# Barking & Biting at tires



## ejarvis (Apr 19, 2016)

Hello, this is my first post! I have been reading & soaking up so much information as I am a 1st time GSD owner. I have a 10 month old girl that goes crazy biting at my children's bike tires & my husband's mower tires (don't worry she is not allowed outside when he is actually mowing, but we use to pull wagon for yard work). I understand she is probably herding but it's a safety issue for all involved. My daughter has already fallen off bike trying to avoid hitting her. Any suggestions?


----------



## Mary Beth (Apr 17, 2010)

I do agree with you that her new game is a safety issue and needs to be stopped. I would suggest training her first on the Leave It command. 

This is one method to teach it: https://positively.com/dog-behavior/basic-cues/leave-it/

Once she has learned the command, then put her on her leash, have your husband pull the wagon or your daughter ride her bike. The second she looks like she will charge, say the command.

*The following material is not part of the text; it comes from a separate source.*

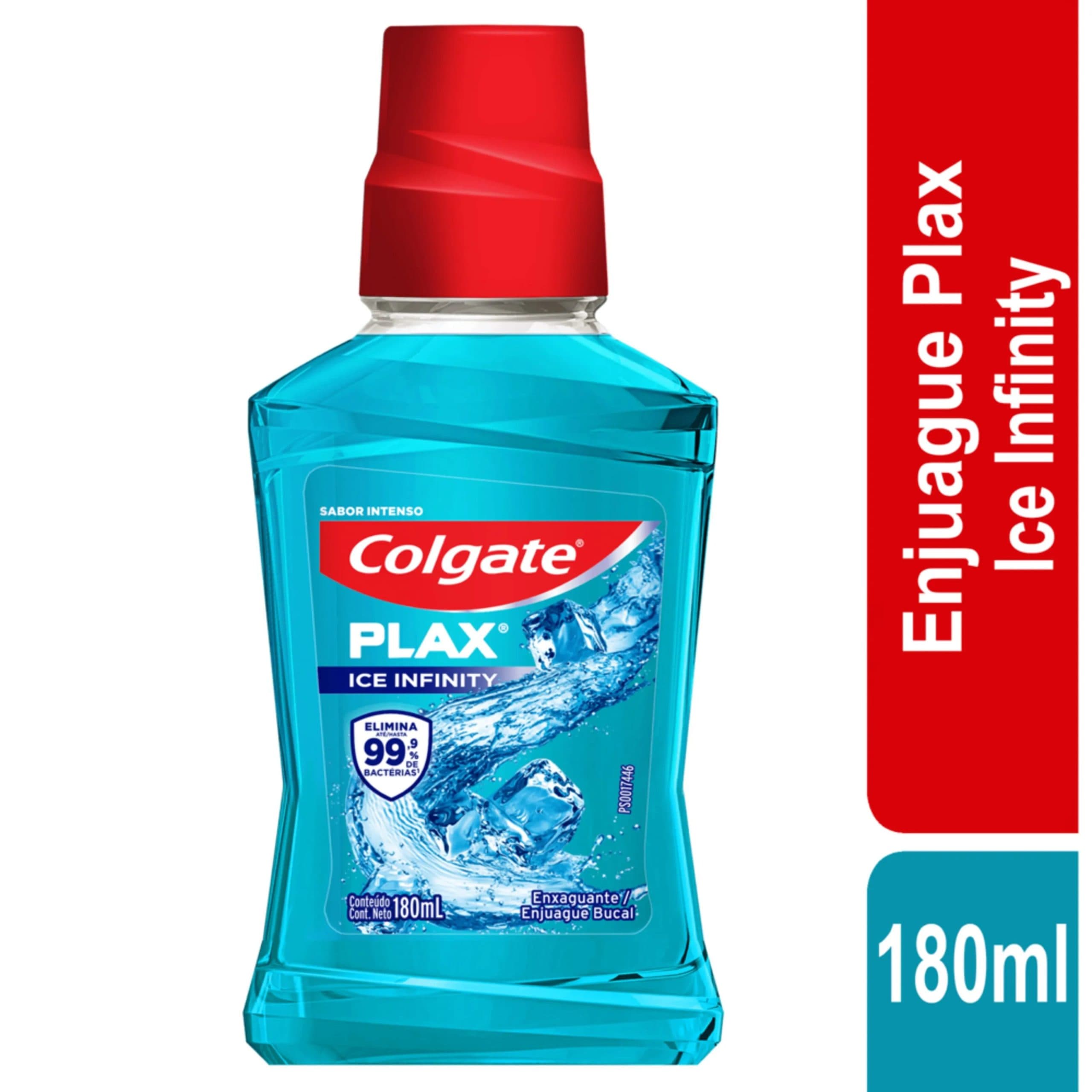 Enjuague Bucal Colgate Plax Ice Infinity 180 Ml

She will probably test and ignore at the beginning. It is important that she not be allowed to charge - you may need to jerk her back into a sit , stand in front of her to block the view-hold that treat in front of her eyes - so she learns that she can't lunge but will get a reward if she behaves. I would do a couple of training sessions daily until she learns to ignore and to keep her on the leash when there are wheels until she is trained. I would also play tug with her (which makes a great reward), be sure she ends up winning, and praise her. That gives her an outlet for her charging and biting.


----------



## Chip18 (Jan 11, 2014)

Hmmm well most likely there are multiple ways of stopping this?? As a core principle I'm not a fan of rewarding a dog for "not" acting like a fool myself! I much prefer to stop a bad behaviour behaviour cold! For this option one for me would be the way I stopped my Basenji from chasing cars decades ago when I was 14??

My Dad was getting ticked off because "Chip" kept chasing the car, it had to stop or he had to go (Chip!) Long story short, I had my Dad drive, I was in the back seat with a bucket of water, Chip sure enough came after the car, I leaned out the window and dosed him with the water, that was the last time Chip ever chased a car ... problem solved. 

An E Collar with a *high level correction* ie "behaviour modification protocol," can achieve the same results, just as quickly if properly timed, so there is that.

Both of these approaches will stop the behavior as I like to say ... "right freaking now" and treat free, the reward as it were is not being "corrected ...again!"

Or if you want to take a "training approach" then train the "Place Command" train that tell the dog "Place" keep a drag leash on her and if she breaks "Place" you can correct her for that! The why does not matter, "Place" for this situation teaches your dog to make good choices! But ... "training" takes more time than "Behaviour" modification" the choice is up to you and the urgency, depends on how bad the problem is and how quickly you want to solve it?? 

"The Place Command" should be "trained" in anycase and you might as well start now. Looks like this:

Fearful, Anxious or Flat Crazy "The Place CommanD - Boxer Forum : Boxer Breed Dog Forums

As always ask questions and welcome aboard.


----------